I think they shred the drives , then feed them to shark with a frikkin laser on its head , that is then sent out sea 10 miles and detonated. This ensures safe data destruction.
What if it was paper discipline documents. Yes that machine was properly maintained oops ? Is that patient a drug seeker .
Hrm, let me guess the outcome. £10 suspended fine from the Information Commissioner, and a statement from the hospital that procedures are being put in place and lessons have been learned? Am I close?
Except for the fine.
- It doesn't look like that was one. Or a statement required from the hospital, either.
I wonder how these records were destroyed ?- They're probably sitting in a skip waiting to be taken to land fill, still.
BB icon - He'd know how to look after records.
You're off by 10 Pounds.
Sorry, my US keyboard doesn't have that funny looking L, but does have the funny looking S.
Type Alt+0163 to insert the £ sign
They are also short of room in wards, so they could have put some patients in there as well.
Perhaps they did.....
Darent Valley Hospital is a completely new built PFI building that opened in 2000. Work out how the records storage was inadequate.
Opened in 2000 probably means designed in 1995, size of storage halved on plans in 1996 in a drive to reduce costs, because "_surely_ we'll be paperless by the time we open!"
...is the ever broadening criteria for what has to be kept and for how long.
Here in Australia, it's now necessary to retain documentation on kids for up to 21 years, medical , childcare, schooling, anything "official".
Hmm, 9/11, 2001 perhaps? Routine site access logs once held for 3 months suddenly shifting to 7 years plus retention alone could do it? Rinse repeat for OR swab logs; A budget cut which slowed down the process of moving records to microfiche?
Require managers to have licences to manage hospitals or any public service even if outsourced.

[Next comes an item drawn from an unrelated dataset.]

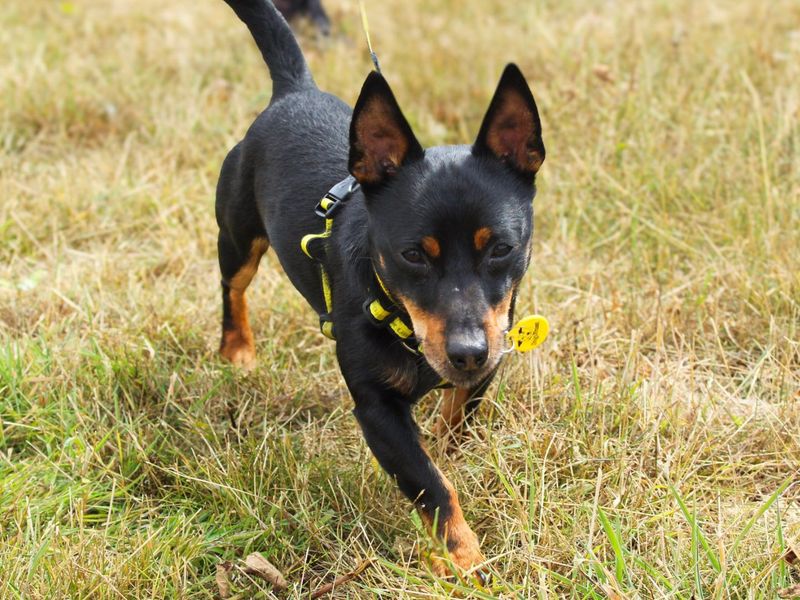 Zane | Terrier (Jack Russell) | Shoreham (Sussex) - 2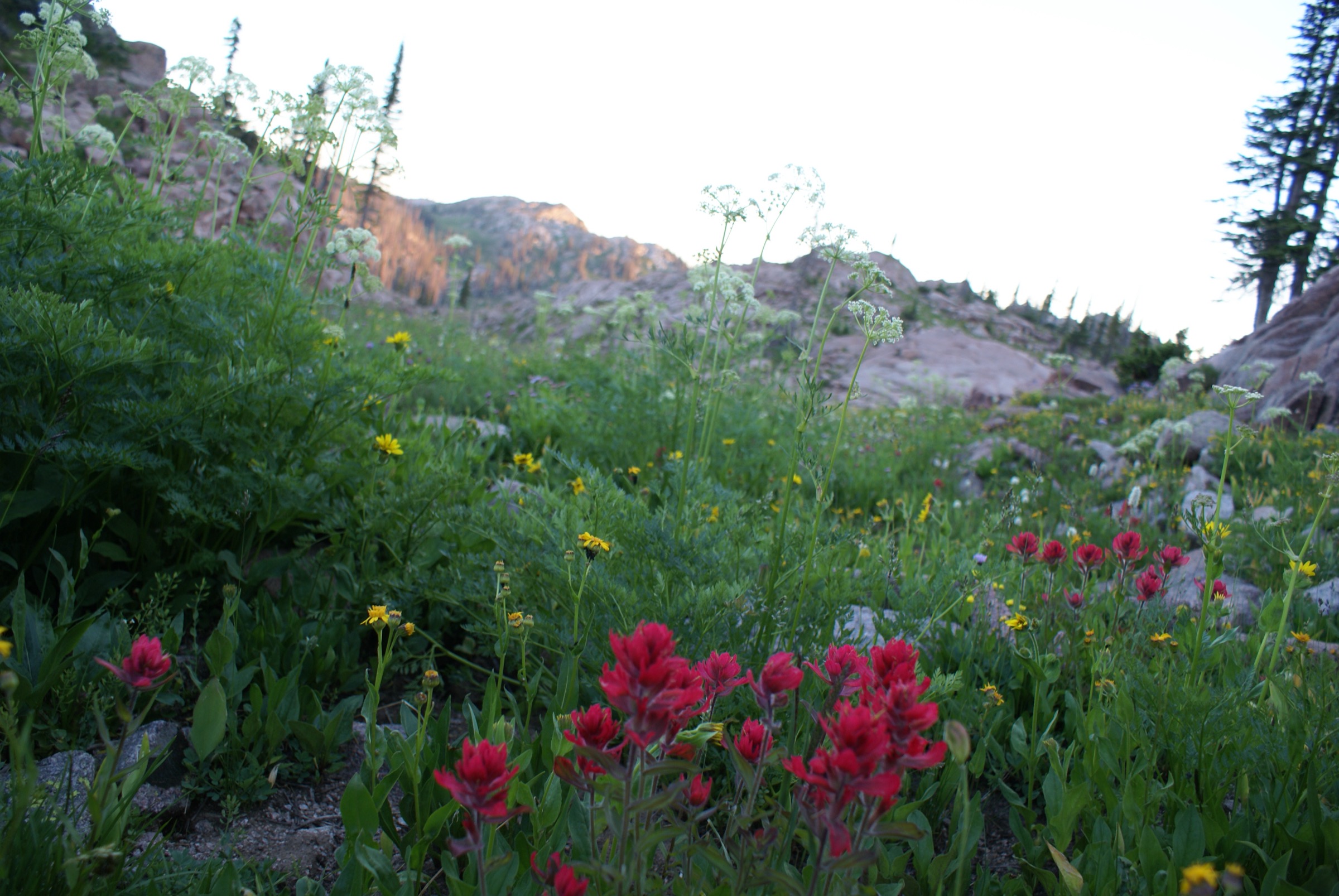 Wildflowers at sunset in the Mount Zirkel Wilderness, characteristic of the Mica Basin approach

Stick a point on each managers licence down the path when the data was lost - no excuses - data is lost you get a point minimum.
Twelve points and you lose the right to work for any public service for N years. We already force builders, gas, leccies and drivers etc. to carry cards why not public officials we supposedly trust with our deepest medical details?
The above scheme also provides more incentive for higher ups to ensure those below follow the rules as they will collect points faster if they dont have good crontol of staff below them.
Oh, this only applies to managers so no cards for cleaners, secretaries, nurses etc :-)
At least things are getting better.
Back in 1980 I was seriously injured while on holiday. The hospital asked for the name and address of my GP so they could send on all the records when I was discharged. On consulting my GP a short while afterwards I found that he had no record of my injuries. He contacted the hospital and it turned out that they had, for some reason posted the records to the wrong address. He asked for them to send another copy, but it turned out they had posted the originals without keeping a copy. The address they had used did not exist, they seemed to have mix up two addresses. So the odds are that my records sat in a dead letter office for a while and were then destroyed.
No backup copies. Posting originals. Not bothering with recorded or tracked delivery for important original documents. Can you imagine what the ICO would make of that today?
The records weren't accidently destroyed, they were deliberately destroyed. They had been placed in the waste room, therefore, they were declared to be waste. The waste room operatives therefore duely accepted this waste and destroyed it.
If it's not destined for the bin, don't put it in a bin bag, as I said to somebody years ago who lost most of their clothes that way.
For keyboards without a funny looking L, there is always Charmap.exe.